Am Montag führten die wachsenden Spannungen zwischen türkischen und syrischen Streitkräften in der nordwestsyrischen Provinz Idlib zu blutigen Kämpfen. Zahlreiche syrische Soldaten wurden getötet, nachdem türkische Streitkräfte Truppen des syrischen Präsidenten Baschar al-Assad für den Beschuss türkischer Stellungen verantwortlich gemacht hatten, bei dem sechs türkische Soldaten getötet worden waren. Diese gewalttätigen Auseinandersetzungen könnten zu einer direkten Konfrontation zwischen dem Nato-Mitglied Türkei und Russland führen, der Atommacht und dem Verbündeten des syrischen Regimes.

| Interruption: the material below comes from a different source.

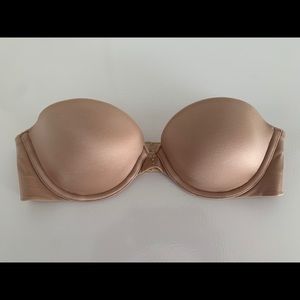 Victoria’s Secret Biofit Multi-way Bra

Das türkische Verteidigungsministerium erklärte in einer Stellungnahme, der syrische Beschuss habe „unseren Einheiten gegolten, die als Verstärkung geschickt wurden, um Zusammenstöße in Idlib zu verhindern, obwohl die Koordinaten ihrer Positionen im Voraus mitgeteilt worden waren“.

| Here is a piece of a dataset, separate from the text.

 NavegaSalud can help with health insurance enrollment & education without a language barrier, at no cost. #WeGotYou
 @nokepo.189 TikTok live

Der türkische Präsident Recep Tayyip Erdoğan erklärte kurz vor seiner Abreise zu einem offiziellen Besuch in der Ukraine: „Die Türkei hat auf diesen Angriff mit einem Vergeltungsschlag reagiert, wie sie es bereits zuvor getan hat und weiterhin tun wird. ... In einer noch andauernden Operation wurden etwa 40 Stellungen angegriffen...“ Er erklärte weiter, 30 bis 35 Soldaten des syrischen Regimes seien durch türkischen Haubitzenbeschuss und Luftangriffe mit F-16-Kampfflugzeugen getötet worden. Spätere Berichte deuteten darauf hin, dass 12 syrische Soldaten getötet und etwa 20 weitere verwundet wurden.
Erdoğan: „Wir sind entschlossen, unsere Operationen fortzusetzen, um die Sicherheit unseres Landes, unserer Nation und unserer Brüder in Idlib zu gewährleisten.“ Damit meint er die noch verbliebenen, mit al-Qaida verbündeten Milizen. Er drohte außerdem, Russland solle „der Türkei nicht im Weg stehen“.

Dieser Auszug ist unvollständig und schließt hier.